Stinklangweiliges Grün, so weit man schauen kann - wenn man mal weit schauen kann und der Blick nicht durch eben dieses Grün behindert wird. |
Vielen Leuten gefällt das aber, auch wenn ich das nicht ganz
nachvollziehen kann. Wüste, Karge Steppen, endlose Geröllfelder, verschneite
Berggipfel sind schon eher was für meinen Geschmack, doch dazu ist man überall
in Brasilien zu weit im Osten.
Das war meine erste Fahrt ohne Beifahrer, insofern mal was Neues. Gefiel mir
nicht, denn das macht die ganze Sache lanweiliger und zugleich komplizierter.

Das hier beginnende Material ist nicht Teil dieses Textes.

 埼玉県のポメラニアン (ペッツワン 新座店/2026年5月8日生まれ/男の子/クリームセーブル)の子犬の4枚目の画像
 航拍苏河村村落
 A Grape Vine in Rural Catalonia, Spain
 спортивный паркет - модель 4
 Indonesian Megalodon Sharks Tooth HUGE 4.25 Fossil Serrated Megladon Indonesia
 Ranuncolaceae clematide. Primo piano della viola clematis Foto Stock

Nicht nur, daß man niemanden zum vollabern bzw. vollgelabert werden hat, man
muß die Flaschen selber aufschrauben und auch wieder verstauen, selbst am Radio
herumfieseln, selbst die Karte studieren und will man nicht jedesmal anhalten,
dann hat man einiges zu tun, denn man muß in der schlechten Karte lesen, auf
den Verkehr und vor allem auf die Schlaglöcher achten. Sich selbst irgendwas
aus einem Buch vorzulesen kann man auf einer Fahrt auf der A7 von Ulm nach Hamburg,
denn da verpaßt man schlimmstenfalls mehrmals eine Ausfahrt, aber hier könnte
sowas gefährlich werden.
Die Brücke im Hintergrund ist das eigentlich Interessante und sollte eigentlich symbolisch auf einem zentralen Platz in São Paulo stehen. Sie führt nämlich auch zu nichts. |
Diese Straße ist für brasilianische Verhältnisse hervorragend.

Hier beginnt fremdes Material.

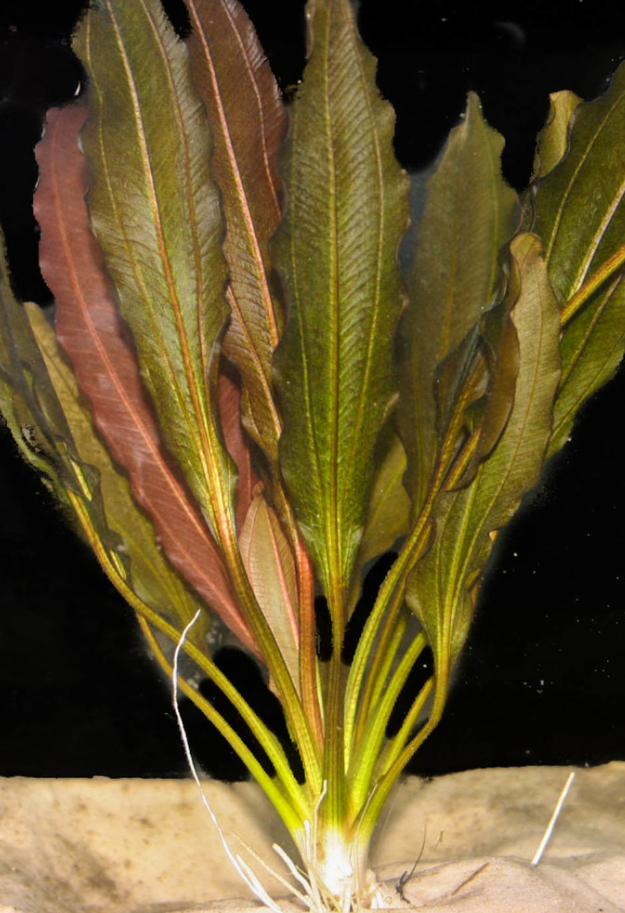 Echinodorus Kleiner Prinz Sword potted freshwater aquarium plant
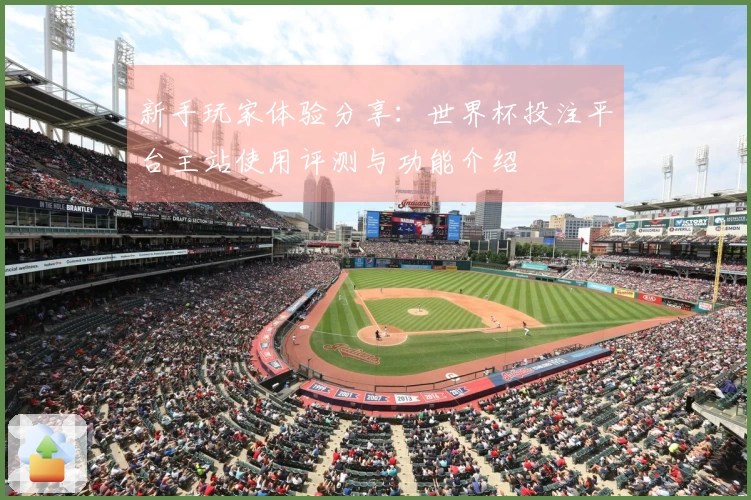 新手玩家体验分享：世界杯投注平台主站使用评测与功能介绍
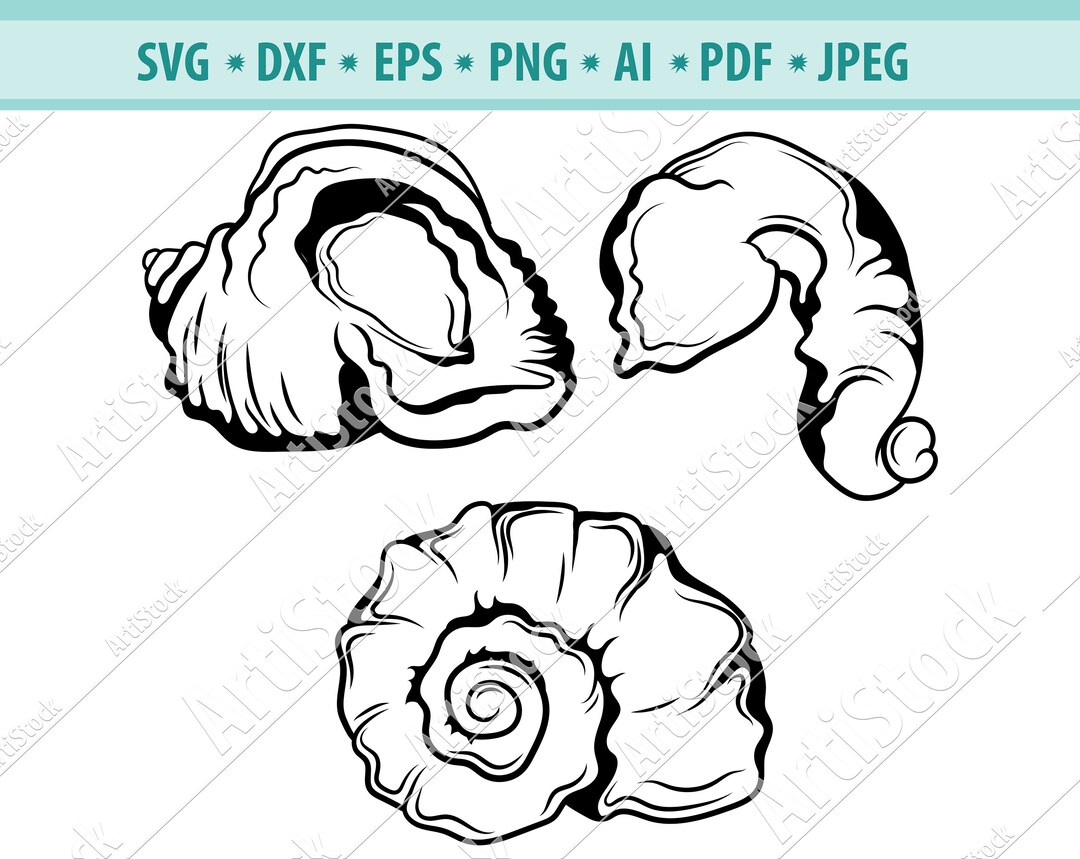 Seashell SVG, Shell Svg, Seashell Clipart, Clam Svg, Ocean Svg, Marine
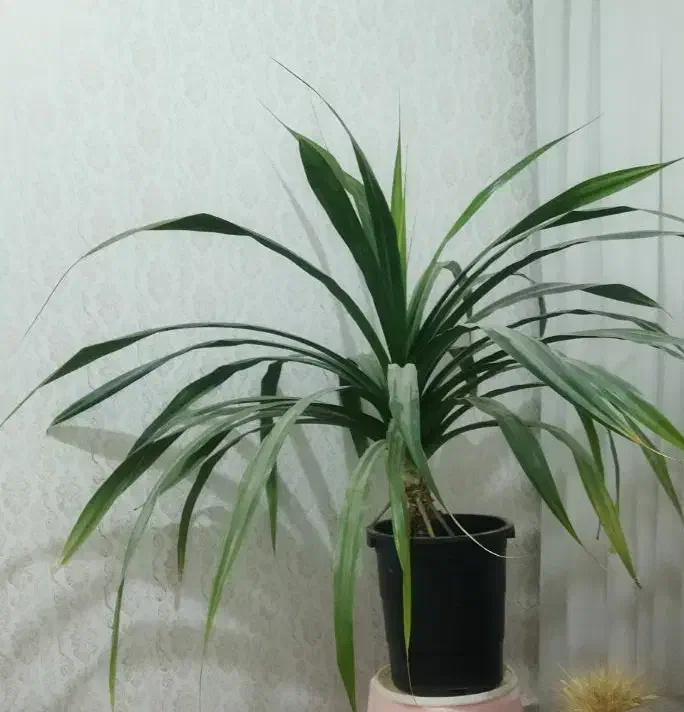 گل طبیعی پاندانوس|گل و گیاه طبیعی|سبزوار, مدرس|دیوار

Alles, was in Brasilien qualitativ hochwertig ist, ist auch extrem teuer. Einzige
Ausnahme bildet wohl das Essen. Diese Straße kostet Maut, und das nicht wenig.

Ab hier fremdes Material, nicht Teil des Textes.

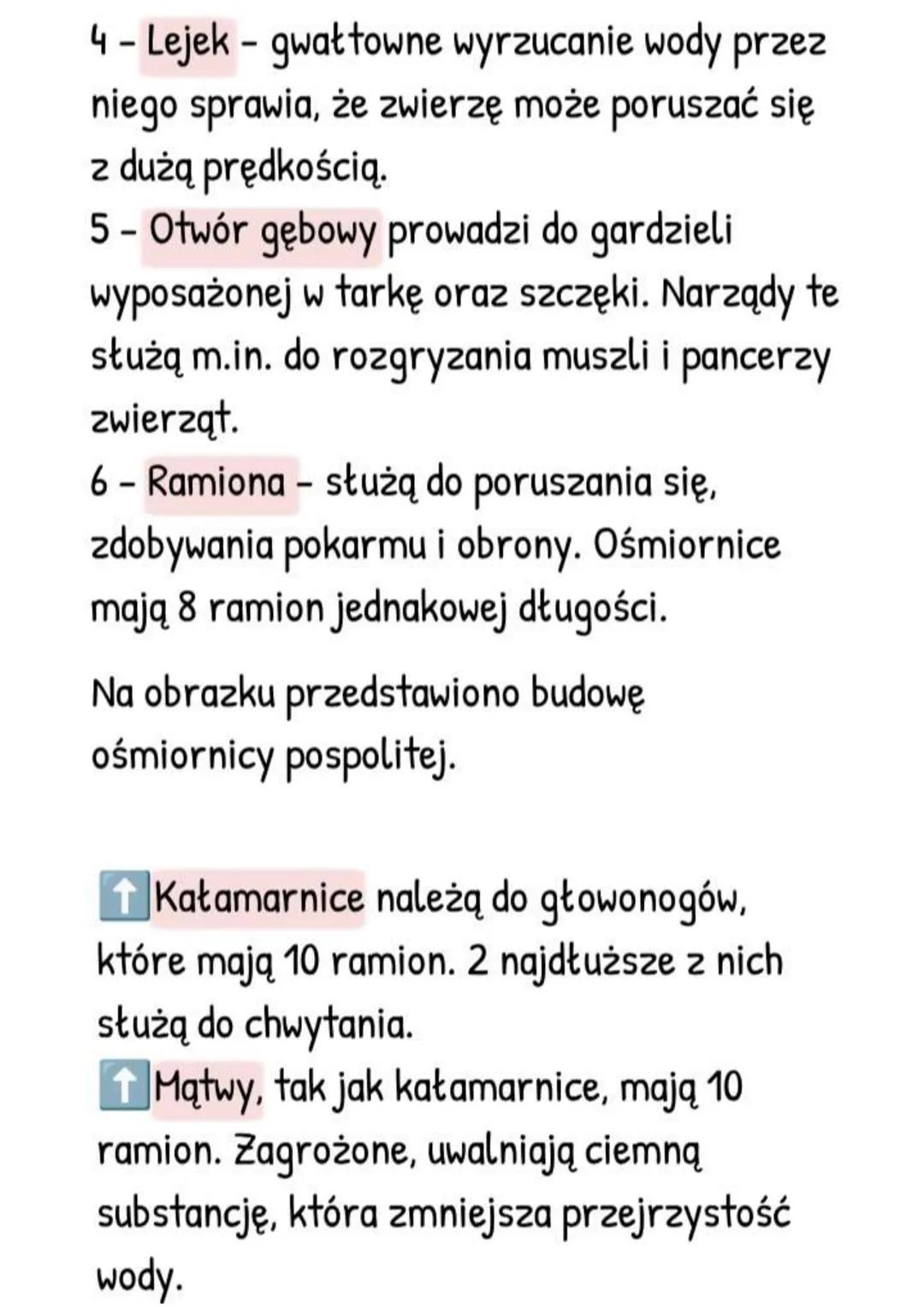 --- OCR Start ---
Mięczaki - zwierzęta, które
mają muszlę
Gdzie żyją i jak wygladają?
- Większość żyje w wodzie słonej, rzadziej
słodkiej,
-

In Curitiba angekommen wird als erstes ein DreckDonnald's angefahren. Nachdem
ich nach langem Hin- und Her wieder auf der richtigen Straße in der Richtigen
Richtung unterwegs war fuhr ich doch in die Stadt um nach einer Versicherung
zu suchen, aber entweder sie hatten zu oder waren gerade am Schließen.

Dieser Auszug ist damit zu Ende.